Firmware Compression for Lower Energy and Faster Boot in IoT Devices
Nikos Zervas, CAST, Inc.
October 2015
The phrase “IoT” for Internet of Things has exploded to cover a wide range of different applications and diverse devices with very different requirements. Most observers, however, would agree that low energy consumption is a key element for IoT, as many of these devices must run on batteries or harvest energy from the environment.
Looking at how IoT devices actually use energy, it is clear that most:
- Sit idle much of the time,
- Wake up periodically or in response to an event,
- Perform some kind of processing,
- Transmit the results, and
- Go back to sleep.
Step 2, booting or waking up, can be a significant power drain, and savings here can reduce the overall energy budget. In this article we will look at just that.
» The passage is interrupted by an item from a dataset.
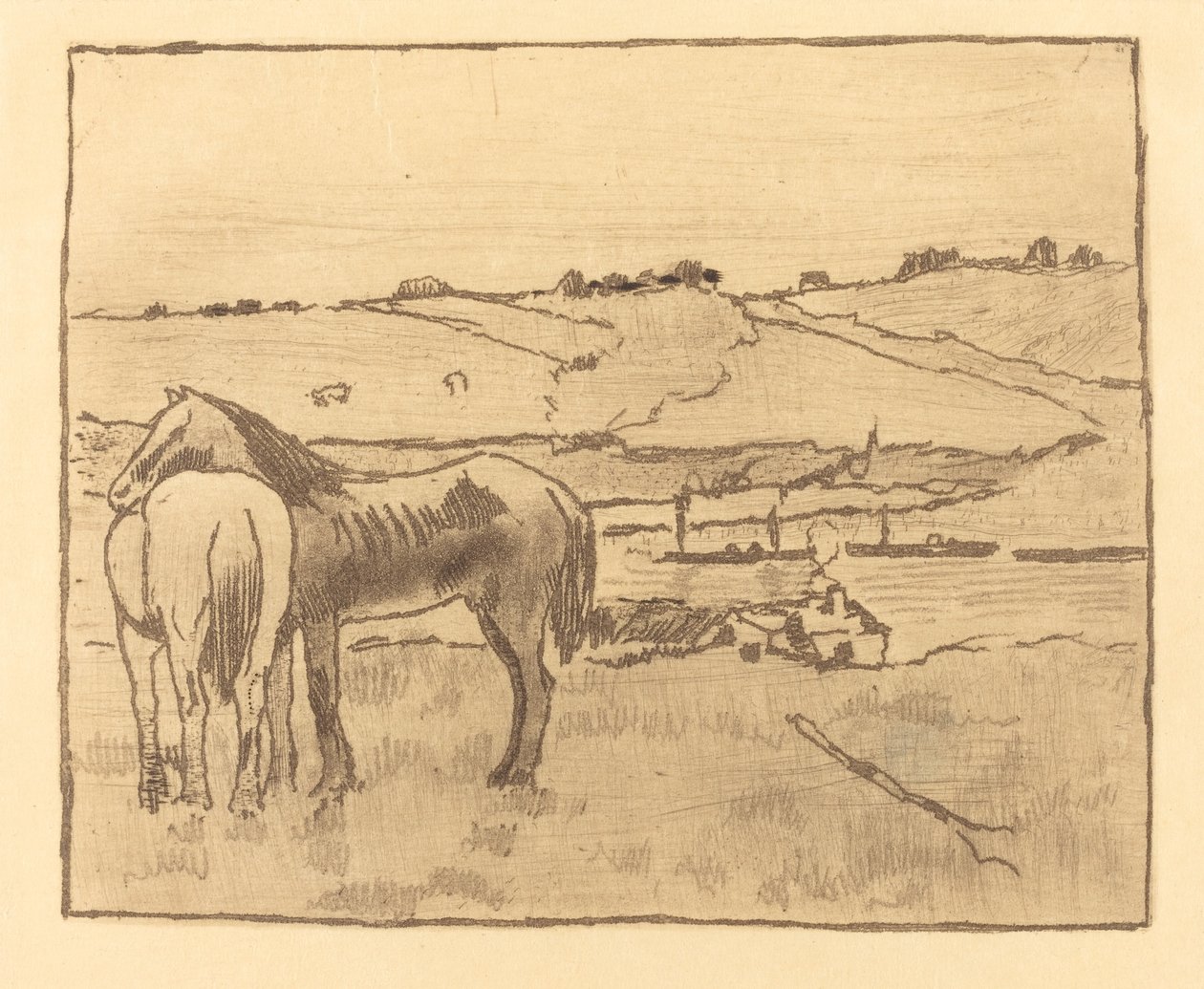 Pferde auf der Wiese Chevaux dans la prairie, 1891-1892 von Edgar Degas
Energy Savings through Data Compression
Specifically, here we will show how GZIP data compression can help lower energy dissipation in embedded systems that use code shadowing, a common technique employed in IoT devices.
The basic idea is simple: on-the-fly decompression of previously compressed firmware reduces the data load and minimizes the number of accesses to long-term storage during boot or wake-up, hence reducing the energy (and the delay) during this critical phase of operation.
The possible energy and time-to-boot savings are proportional to the data compression level, which in turn depends on the compression algorithm and the code itself. Real-life examples we will explore here indicate that code size (and therefore power and time-to-boot) can be reduced as much as 50% using commercially available IP cores for hardware Deflate/GUNZIP decompression.
Furthermore, we will see that the savings much more than offset the extra resources used by building the right decompression core into the system.
Code Shadowing Versus Execute In Place
While they are in sleep mode, low-power embedded systems typically store their application code—and in some cases also application data—in a Non-Volatile Memory (NVM) device such as Flash, EPROM, or OTP.
When such systems wake up to perform their task, they run the application code via either of two methods:
- They fetch and execute the code directly from the NVM, called XIP for eXecute In Place, or
- They first copy the code to an on-chip SRAM unit, called the shadow memory, and execute it from there.
Which method is best depends on the access speed and access energy of the NVM memory. In general, NVM memories are significantly slower than on-chip SRAMs, and the energy cost of reading data from an NVM memory is much higher than reading the same data from an on-chip SRAM (especially when data are accessed in random order).
While using shadow memory seems best when considering the system’s active mode, the picture changes when we recall that an IoT device is usually asleep for most of its lifetime. Large on-chip SRAMs unfortunately suffer from leakage currents, and hence consume power even when in sleep mode, while most NVMs do not.
Designers therefore often chose code shadowing in cases where the shadow SRAM can be kept relatively small, or where the stringent real-time requirements make the slow access times of XIP unacceptable.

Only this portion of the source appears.